Tuesday, May 17, 2011

Retooling the mind



During the Japanese occupation of the Philippines, a popular army created on March 29, 1942 by the local Communist Party, fought arm-in-arm with other Filipino soldiers, guerrillas and American forces in overthrowing the mighty Japanese army. The army was called Hukbalahap, an acronym in Tagalog for “Hukbo ng Bayan Laban sa Hapon” (People’s Army Against the Japanese).

After the Japanese surrendered in September 1945, the Hukbalahap was prevailed upon by the U.S.-backed Philippine government to disband and surrender its arms in exchange for promised democratic agrarian reforms. Later, during the elections for Congress, Luis Taruc, the leader of the Hukbalahap, and seven of his colleagues were elected but were prevented from taking their office and driven back to the hills to continue their armed struggle. Taruc and his group opposed the parity rights amendment that the United States wanted to insert in the Constitution, an amendment that would grant United States citizens the right to dispose and utilize of Philippine natural resources after the liberation of the Philippines.
The end of hostilities during the Japanese war. Photo courtesy of m46 pershing pro,
The promise of democratic reforms was obviously integral to the systematic design of disengaging the Filipino rebels during that period from the idea of violence, or any aspiration of an armed revolution to pursue their political and economic goals. This process of disengagement goes on to the present time as the New People’s Army, the successor to the Hukbalahap, and Muslim secessionist groups in Southern Philippines continue their struggle for self-autonomy and meaningful democratic reforms.
 
In other wars, we see a transformation to a battle for the minds and hearts of the local people after the armed hostilities are over, as what happened in Vietnam, Iraq and Afghanistan. The Canadian military is in Afghanistan as part of its commitment to its NATO allies in reconstruction and peace-building initiatives. While the United States has detained many suspected members of al-Qaeda and known Jihadists in Guantanamo, U.S. prison officials constantly provide their inmates with educational materials that would help the prisoners wean their minds away from violence and acts of terrorism. Indeed, this has become the secular counterpart of religious instruction emphasizing peaceful means as opposed to violence in achieving society’s goals; it is now more popularly called deradicalization.

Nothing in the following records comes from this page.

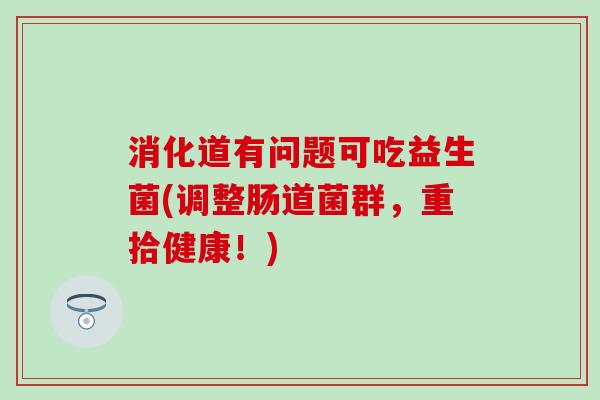消化道有问题可吃益生菌(调整肠道菌群，重拾健康！)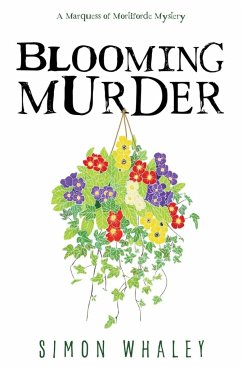 Blooming Murder - Whaley, Simon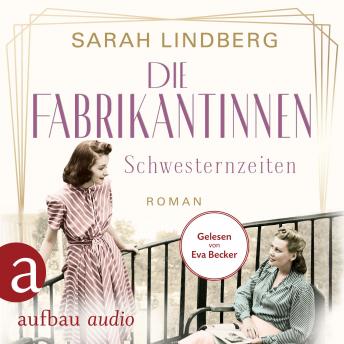 [German] - Die Fabrikantinnen - Schwesternzeiten - Die Fabrikantinnen-Saga, Band 2 (Ungekürzt)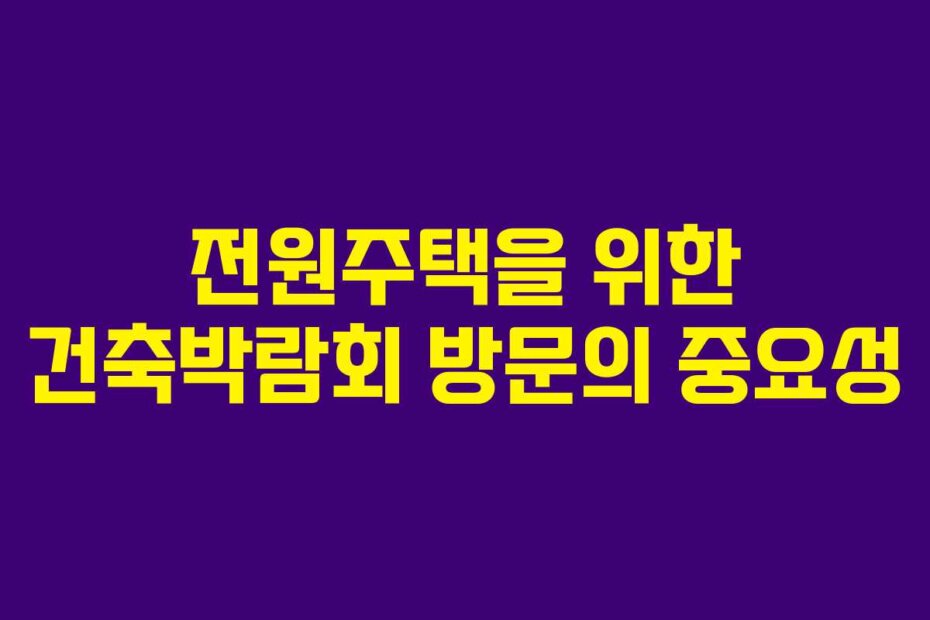 전원주택을 위한 건축박람회 방문의 중요성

Deradicalization is the effort to free Jihadists or those detained for violent acts from their radical ideas, goals or elements. Followers of the U.S. Tea Party and more conservative politicians, however, could be also perceived as trying to deradicalize the liberal forces, especially supporters of the Democratic Party, in American society.

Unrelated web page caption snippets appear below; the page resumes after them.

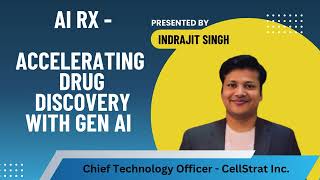 AI Rx  Accelerating Drug Discovery with GenAI [upl. by Ilrac145]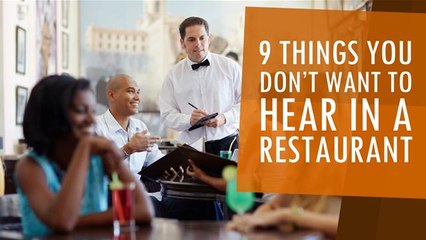 9 Things You Don't Want To Hear In A Restaurant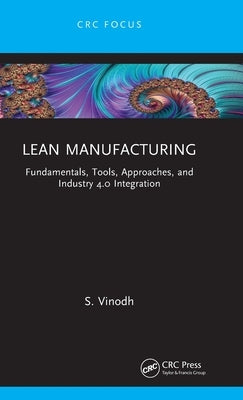Lean Manufacturing: Fundamentals, Tools, Approaches, and Industry 4.0 Integration by Vinodh, S.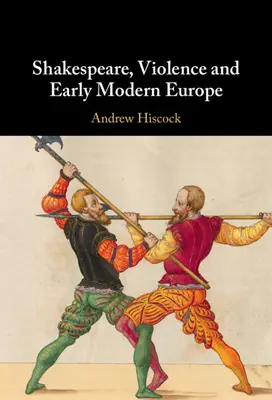 Shakespeare, az erőszak és a kora újkori Európa - Shakespeare, Violence and Early Modern Europe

The Saudi deradicalization experiment is one of the most advanced international efforts to deradicalize terror suspects with the main purpose of educating and monitoring them until they have reintegrated into civil society. Begun in 2004, the Saudi deradicalization program was adopted by the government’s Interior Ministry in response to a series of domestic terroristic incidents. Saudi Arabia transformed its counterterrorism strategy by balancing traditional security efforts with techniques addressing ideological sources of violent extremism. One of the critical components of the Saudi approach was the rehabilitation of extremists through religious re-education and psychological counselling.
Cuba Guantanamo Prison. Photo courtesy of Guantanamo_Justice_Centre.
In Guantanamo, Omar Khadr, a Canadian prisoner who pleaded guilty to killing an American soldier in Afghanistan in 2002, was provided with text materials which included Shakespeare’s Romeo and Juliet and Cormac McCarthy’s The Road in preparing him for eventual repatriation and release to Canada. American law enforcement personnel also recommended as a required reading for Khadr, Stephen R. Covey’s The 7 Habits of Highly Effective People, which drew sarcastic criticism from Thomas Frank in his Easy Chair column in Harper’s Magazine June 2011 issue.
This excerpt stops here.